Drones are revolutionizing the way construction sites are monitored, managed, and optimized. In collaboration with SkyCatch, a San Francisco-based drone technology company, DevsData LLC developed AI-powered computer vision software to bring real-time activity detection to complex industrial environments. The project pushed the boundaries of deep learning, object tracking, and high-speed data processing in real-world conditions.
SkyCatch, Inc. is a drone technology company, headquartered in San Francisco, that builds AI-powered data solutions for the construction, mining, and energy industries. Its platform combines drone imagery, 3D modeling, and computer vision to support real-time site monitoring and informed decision-making in complex industrial settings. With a team of 42 employees and annual revenue of $6.3 million, the company runs an efficient organizational structure while providing advanced technology infrastructure to clients operating in demanding environments.
SkyCatch solutions are used to track construction progress, detect on-site activity, and automate reporting processes. The company maintains a strong focus on AI and automation, continuously evolving its product capabilities to meet the growing demand for efficiency and real-time data integration in industrial operations.
SkyCatch operates in sectors where precision, speed, and reliability are critical. Their clients, primarily in construction and mining, depend on accurate, real-time data to monitor active sites, assess safety risks, and make time-sensitive operational decisions. Traditional manual inspection methods are too slow and prone to error in such environments, creating an urgent need for automation powered by AI. Delays or inaccuracies in data capture can directly affect project timelines, compliance, and operational costs, making real-time intelligence not just a technical goal but a business imperative.
The core challenge was to develop a computer vision system capable of detecting specific equipment and activities from drone video streams under varying lighting, movement, and site conditions.

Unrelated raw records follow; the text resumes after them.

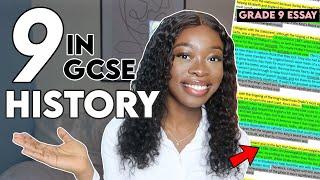 HOW TO GET A GRADE 9 IN GCSE HISTORY (Top Tricks They Don't Tell You)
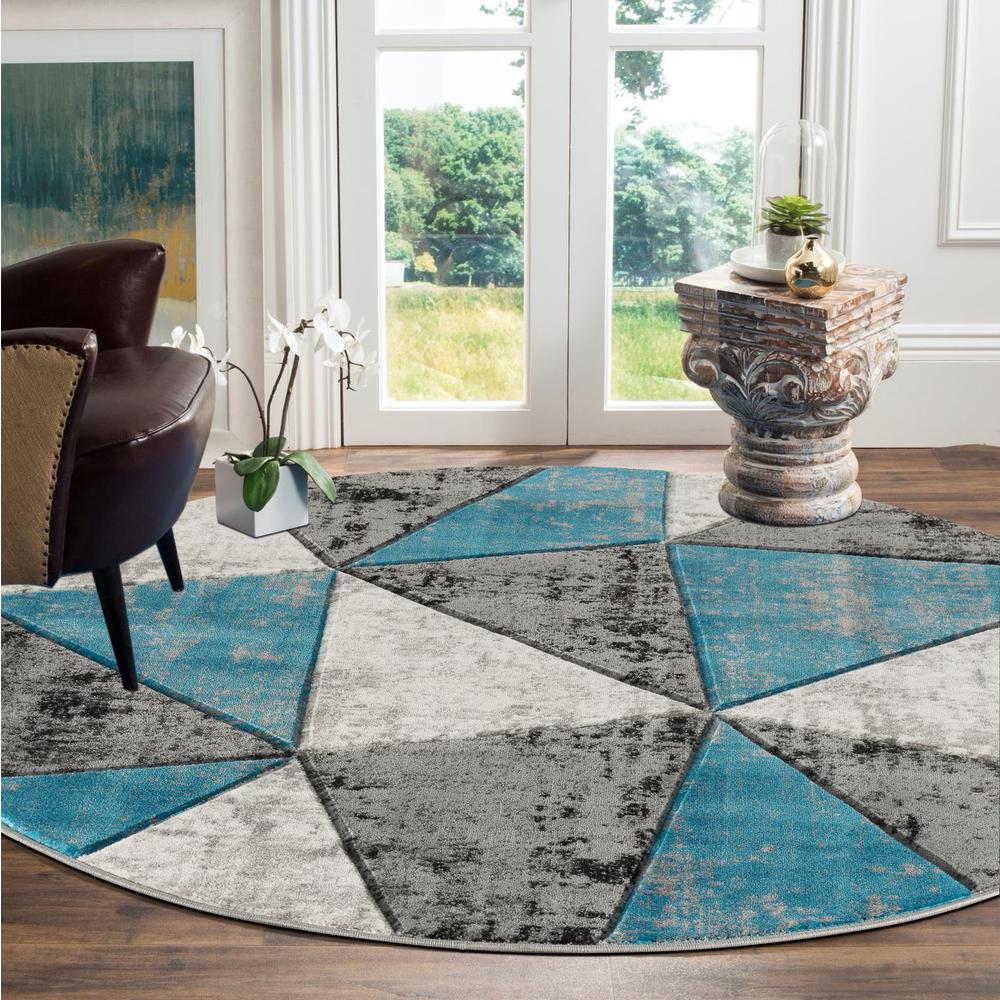 ORELSI COLLECTION OR117 5'2" X 5'2" ROUND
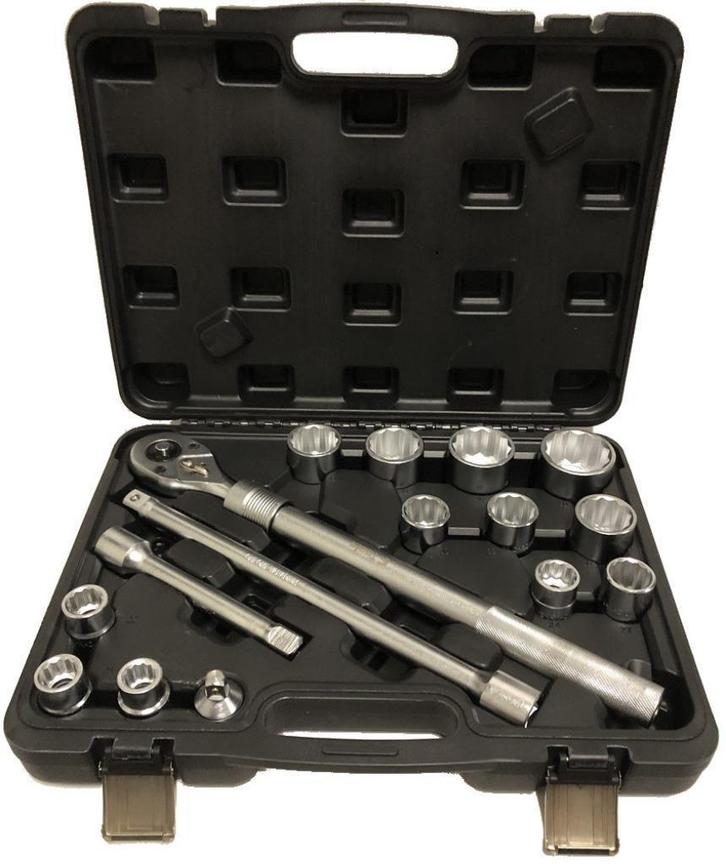 Dopset 16dlg Truck Telescopisch Nieuw, Auto diversen, Autogereedschap, Nieuw, Ophalen of Verzenden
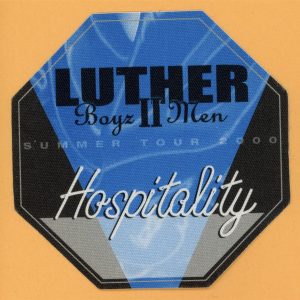 Luther Vandross 2000 Boyz II Men Concert Tour HOSP Backstage Pass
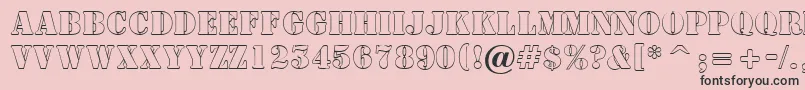フォントASamperotl – ピンクの背景に黒い文字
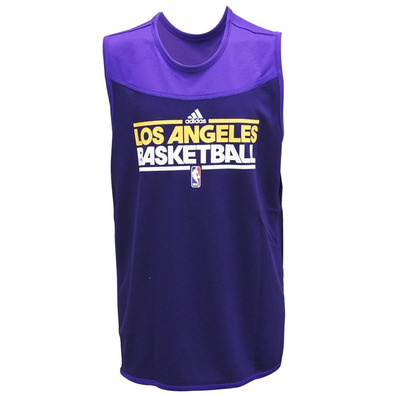 Adidas Camiseta Reversible Angeles Lakers (purpura)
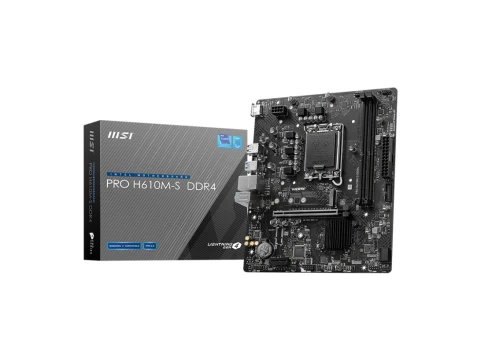 MSI H610 PRO H610M-S DDR4 Micro ATX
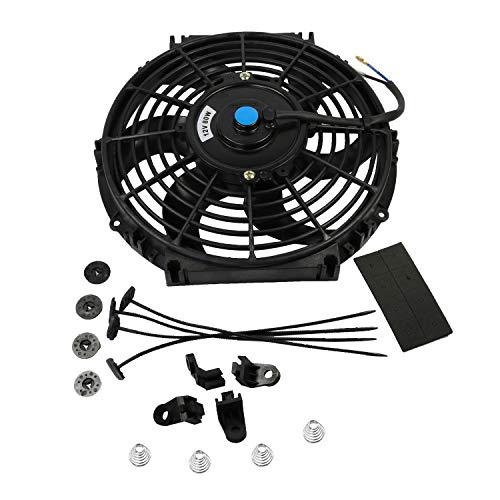 JDMSPEED New Universal Electric Radiator Slim Cooling Fan Push Pull 10" Inch 12v 80w 1750CFM - Image 5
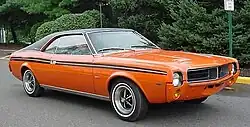 AMC Javelin (1969) met het "Big Bad Orange" package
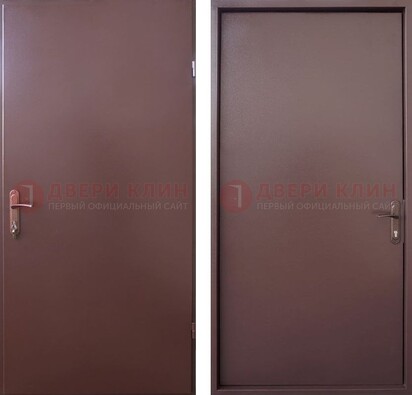 Коричневая железная дверь с порошковым покрытием и МДФ ДП-252 в Мурино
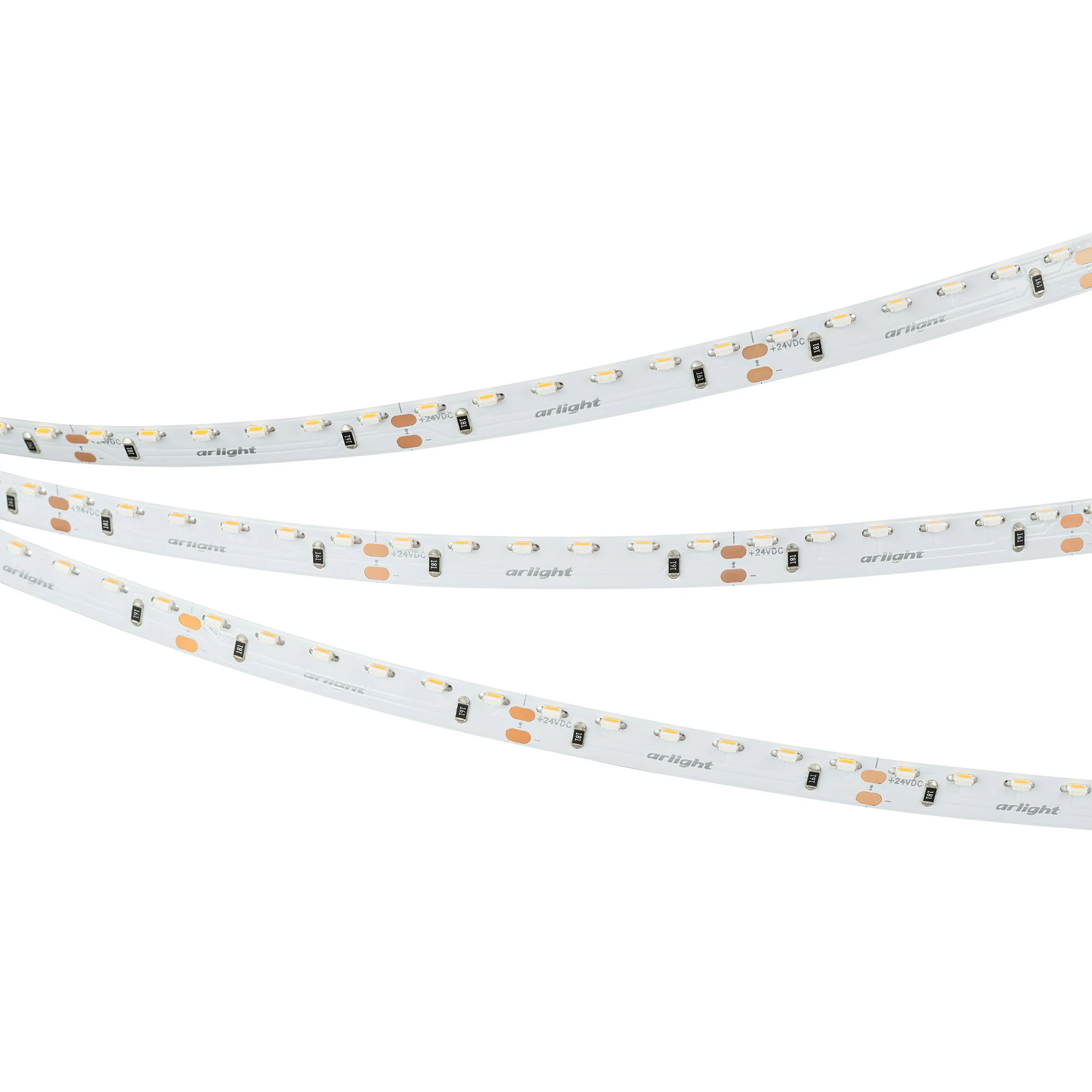 Лента RS-S120-8mm 24V Warm2700 (9.6 W/m, IP20, 3014, 5m) 039430 - Светодиодная лента бокового свечения RS-S120, открытая IP20. Светодиоды 3014, 120 шт/м (600 шт на 5 м), белая плата, ширина 8 мм, скотч 3M. Цвет ТЕПЛЫЙ 2700 K, цветопередача CRI>80 , угол 1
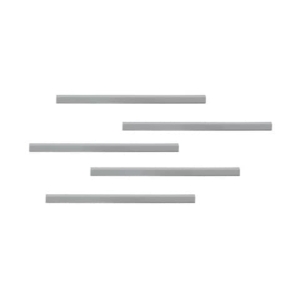 Clip adesive DURABLE DURAFIX® RAIL Argento metallizzato 297x17mm (conf.5)-0
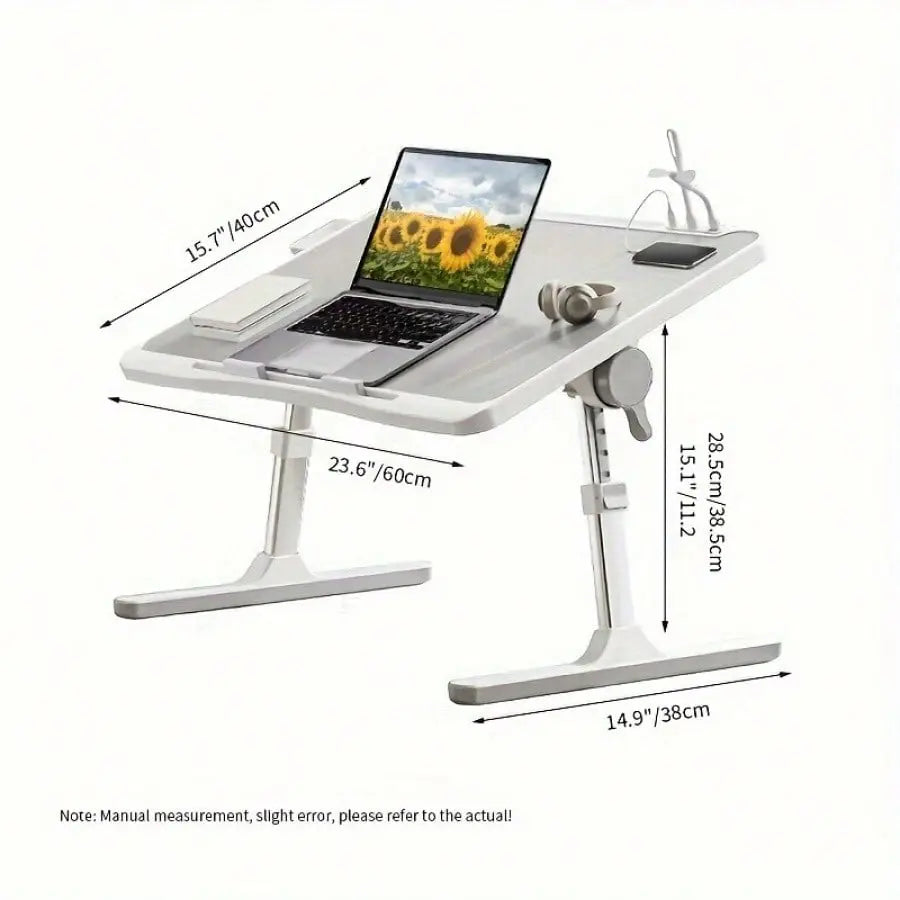 Portable Laptop Stand | Integrated USB-C Hub with Quiet Cooling Fan and Adjustable LED Light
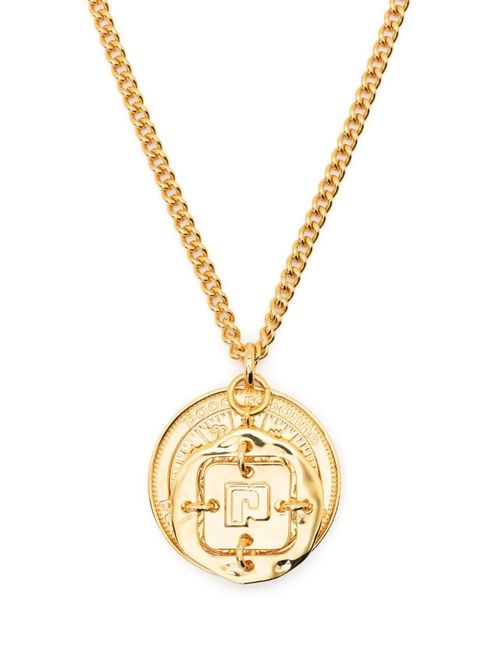 Rabanne medallion pendant...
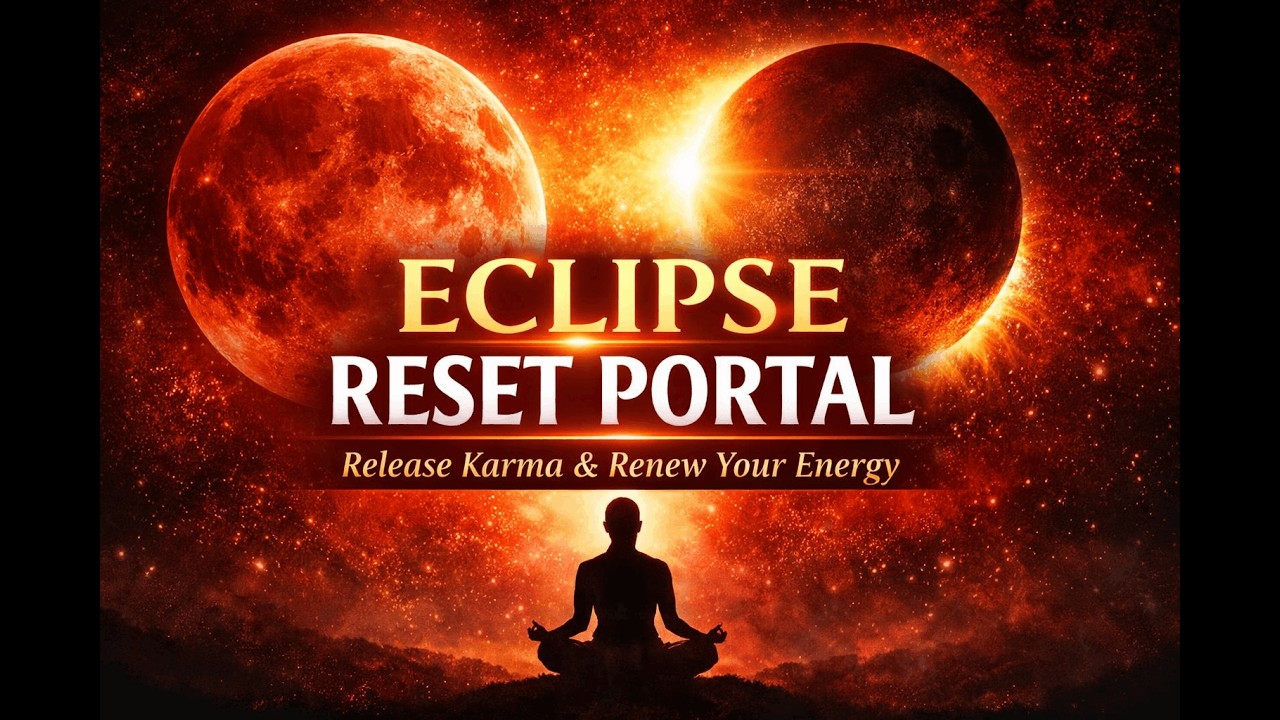 Lunar Eclipse Portal Meditation 🌑 | Release Karma & Reset Your Energy (Powerful Shift)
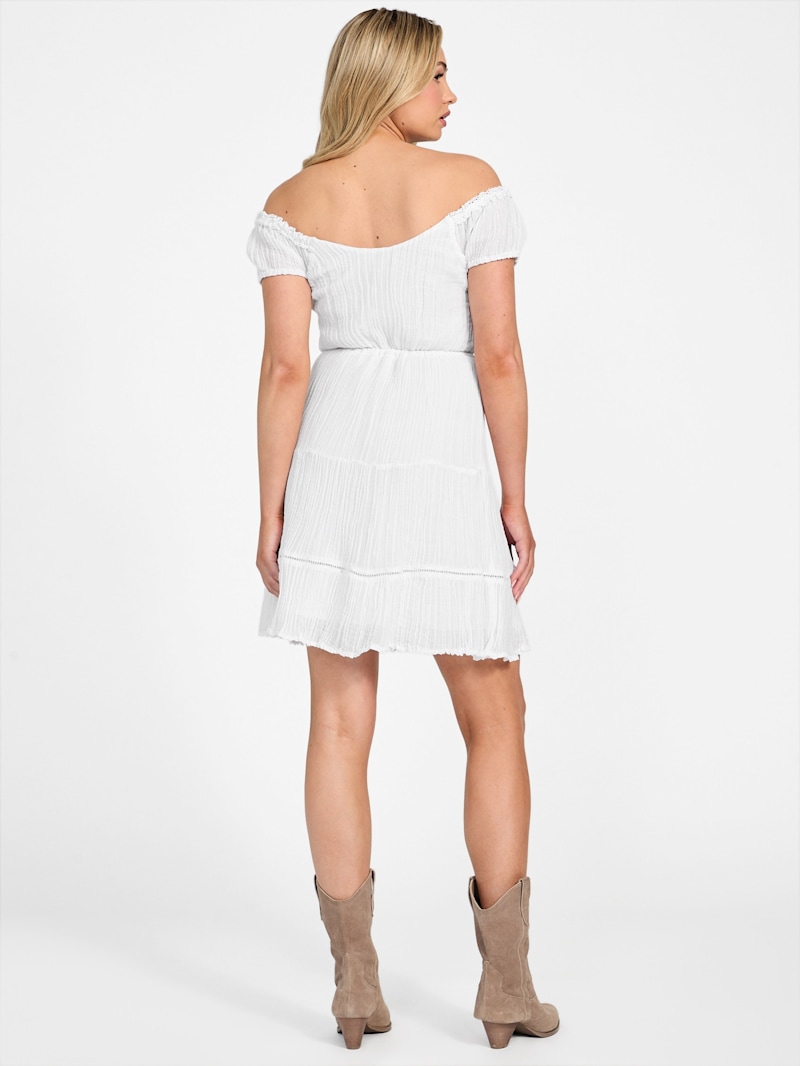 Eco Ciel Gauze Dress | GUESS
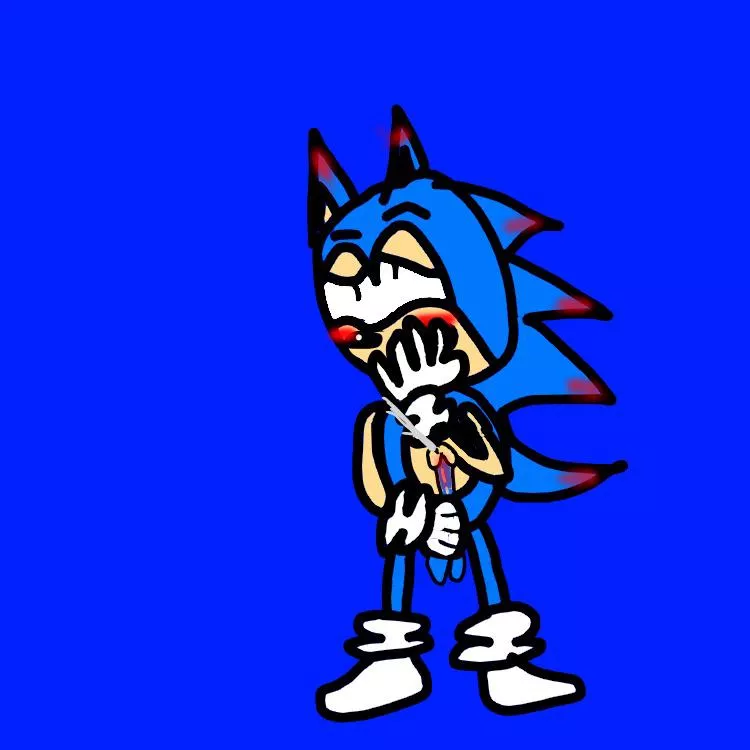 My first NSFW art thingy of Sonic jerking off. (Drawn by me)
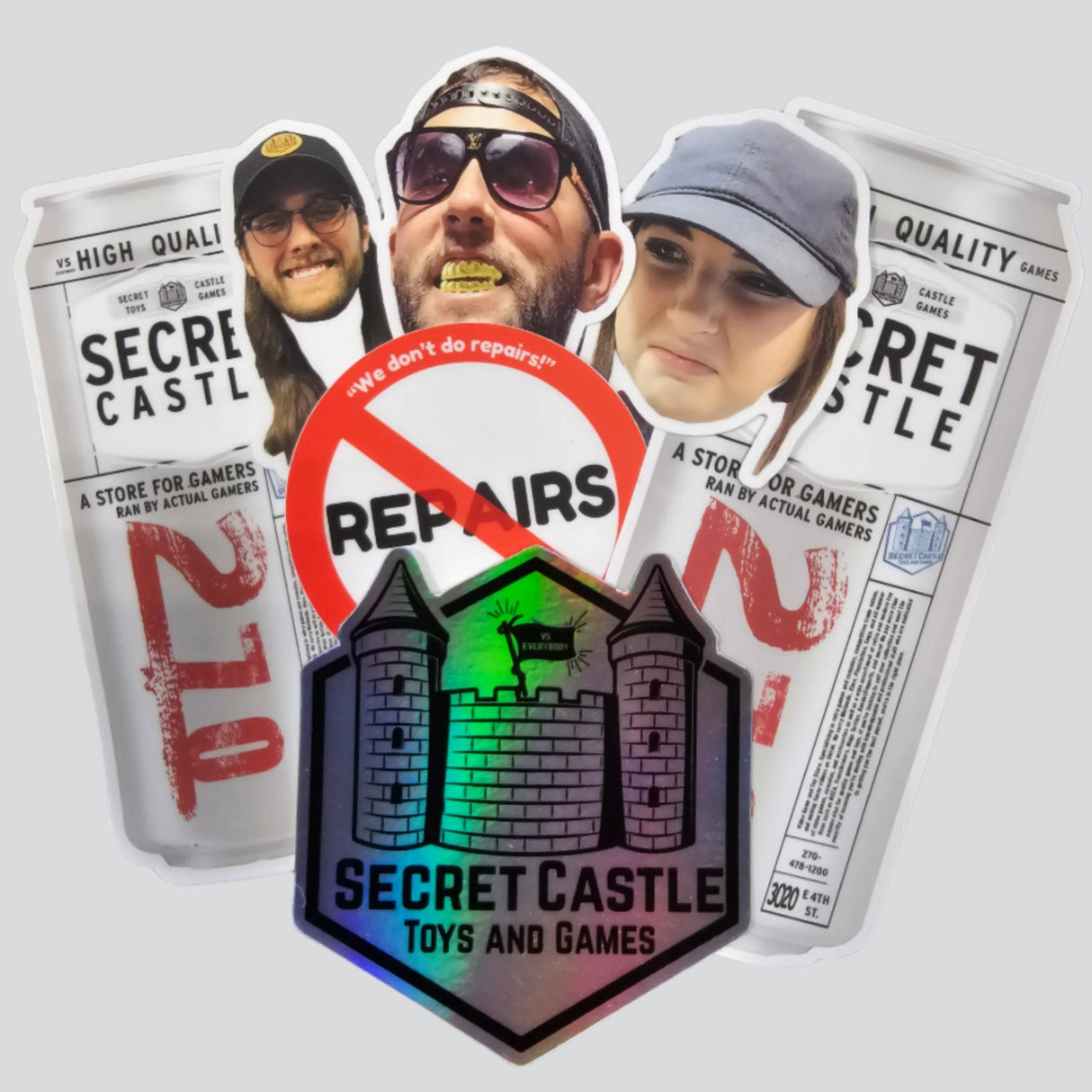 Secret Castle Premium 7-Sticker Pack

The solution had to go beyond simple object detection. SkyCatch required a model that could interpret scenes, track movement across frames, and recognize complex activities such as equipment operation and interaction patterns on active sites. The model also had to work reliably across varied terrains and integrate seamlessly with existing drone hardware and data workflows. Because these environments are high-risk and capital-intensive, any AI solution had to demonstrate not only technical accuracy but also operational reliability under field conditions.
Deployment was another key concern. The system had to be lightweight, scalable, and cloud-optimized, with minimal latency. This was essential to ensure rapid insights for decision-makers, enabling timely interventions that could reduce safety incidents or avoid costly downtime. SkyCatch also required flexibility through containerized deployment and cloud-based training, supporting scalability across global client operations. In short, the technical challenge was tightly linked to business outcomes. Speed, reliability, and scalability were all crucial for maintaining client trust and staying competitive in a fast-moving industry.
SkyCatch approached the project with clearly defined technical and operational goals. The primary objective was to build a robust AI-based system capable of detecting and interpreting construction site activities from drone video footage in real time. Accuracy and speed were equally important; false positives or delays in reporting could undermine the system’s usefulness in live industrial environments.
Beyond activity detection, SkyCatch expected the solution to integrate seamlessly into its existing drone data pipeline, enabling automatic analysis without requiring manual review. The system needed to be adaptable to varying terrains, camera angles, and environmental conditions, and perform consistently across different sites. Finally, scalability was a key requirement: the models had to be optimized for deployment across cloud-based infrastructure, allowing efficient rollout across multiple client operations.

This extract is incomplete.